Right now, quantum computer researchers must hard-wire every qubit (think of them as quantum transistors) on a quantum computer directly to instrumentation used to control and measure what is going on. That creates temperature mismatches between qubits operating at cryogenic temperatures and the room-temperature wires and electronics that connect those qubits to the outside world do not. Keep those wires untangled while coping with large temperature mismatches gets even worse when you try to scale up from a few dozen qubits to tens of thousands or millions of qubits on a chip. That is why Lieven Vandersypen, a member of the Kavli Institute of Nanoscience Delft, developed a silicon controller that operates at cryogenic temperatures and manages connections to qubits the way a conventional silicon chip manages transistors. The chip also contains two spin qubits (a double quantum dot) that it manipulates with short bursts of microwave radiation.

24/7 water harvesting from nano-cactus spines

A new type of membrane nanoscale “trees” shaped like cactus spines harvests water from fog at night and from air during day. Developed in the lab of Julia Greer, the director of Caltech’s Kavli Nanoscience Institute, the demonstrator marks the first time two such technologies have been used together. The technology involves an array of tiny spines that resemble cactus spines. which are made from hydrogels (networks of water-loving polymers) and printed on a membrane. At night, the spines attract tiny droplets of water suspended in fog. During the day, sunlight heats water into steam that condenses onto the spines. In tests, at night, sample materials 55-12 square centimeters collected 35 milliliters of water at night and 125 milliliters during the day.

Superfluid reacts super strangely

Superfluids are fluids that have zero viscosity, that is, they can flow through even small channels without any friction. Put them in a container, give them a stir, and they will form a vortex that never stops spinning. Yet Jeevak Parpia, a member of the Kavli Institute at Cornell, was drawn to them because they seemed like a good way to study what happened after the Big Bang, when states of matter underwent significant changes. He was drawn to helium-3, which remains a liquid down to absolute zero (0 K).
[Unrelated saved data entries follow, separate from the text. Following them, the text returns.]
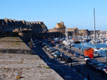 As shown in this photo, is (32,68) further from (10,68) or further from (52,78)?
(52,78)

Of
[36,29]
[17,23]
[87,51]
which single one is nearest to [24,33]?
[87,51]

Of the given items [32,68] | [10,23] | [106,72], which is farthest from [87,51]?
[10,23]

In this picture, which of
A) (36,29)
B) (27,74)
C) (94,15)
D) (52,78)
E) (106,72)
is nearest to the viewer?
(52,78)

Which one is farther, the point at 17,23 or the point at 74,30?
the point at 74,30

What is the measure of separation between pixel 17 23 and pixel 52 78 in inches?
3747

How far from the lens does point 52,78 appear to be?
3195mm

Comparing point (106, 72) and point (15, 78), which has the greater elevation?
point (15, 78)

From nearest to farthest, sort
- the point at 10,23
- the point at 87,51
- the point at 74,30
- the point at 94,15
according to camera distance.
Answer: the point at 87,51 → the point at 94,15 → the point at 10,23 → the point at 74,30

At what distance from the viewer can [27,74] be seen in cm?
354

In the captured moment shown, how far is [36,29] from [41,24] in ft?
22.1

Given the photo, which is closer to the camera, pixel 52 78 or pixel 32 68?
pixel 52 78

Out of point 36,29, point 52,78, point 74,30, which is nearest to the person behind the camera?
point 52,78

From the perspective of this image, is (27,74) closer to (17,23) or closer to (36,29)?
(17,23)

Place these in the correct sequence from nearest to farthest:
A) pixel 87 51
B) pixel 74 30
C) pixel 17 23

At a scant fraction of a degree above that temperature, it becomes a superfluid that Parpia thinks is very much like the composition of the earliest moments of our universe. In studying this, Parpia has found something unexpected—a phase transition between two different superfluid states when theory says it should only remain in one state. This has got his team thinking about maybe engineering new states, as well as new knowledge about superfluids and how our universe evolved.

Quantum modem startup gets funding

QphoX, a startup launched by Kavli Institute of Nanoscience Delft member Simon Groeblacher, has received €2 million in funding to commercialize a quantum modem that will enable quantum computers to talk with one another. The device will network together multiple processors, letting quantum computers to scale beyond tens and hundreds of qubits they now work with. The quantum modem works by coupling microwave and optical photons through an intermediary mechanical resonator. Their goal is to create a modem that achieves low-loss, high-fidelity transmission of quantum states between remote computers at room-temperature.